Short web captions:

#####

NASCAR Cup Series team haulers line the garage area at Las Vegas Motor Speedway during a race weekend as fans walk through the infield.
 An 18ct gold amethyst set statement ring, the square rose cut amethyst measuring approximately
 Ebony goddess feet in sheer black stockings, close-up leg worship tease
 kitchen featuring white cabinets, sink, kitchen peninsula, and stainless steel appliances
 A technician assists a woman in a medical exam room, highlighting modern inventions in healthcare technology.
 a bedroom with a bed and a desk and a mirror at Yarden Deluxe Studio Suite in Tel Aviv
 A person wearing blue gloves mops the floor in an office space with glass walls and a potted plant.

#####

What to do
Using the data above, print exactly the lines from the line that contains "kitchen featuring white" through the line that contains "a bedroom with", with both included.

Result
 kitchen featuring white cabinets, sink, kitchen peninsula, and stainless steel appliances
 A technician assists a woman in a medical exam room, highlighting modern inventions in healthcare technology.
 a bedroom with a bed and a desk and a mirror at Yarden Deluxe Studio Suite in Tel Aviv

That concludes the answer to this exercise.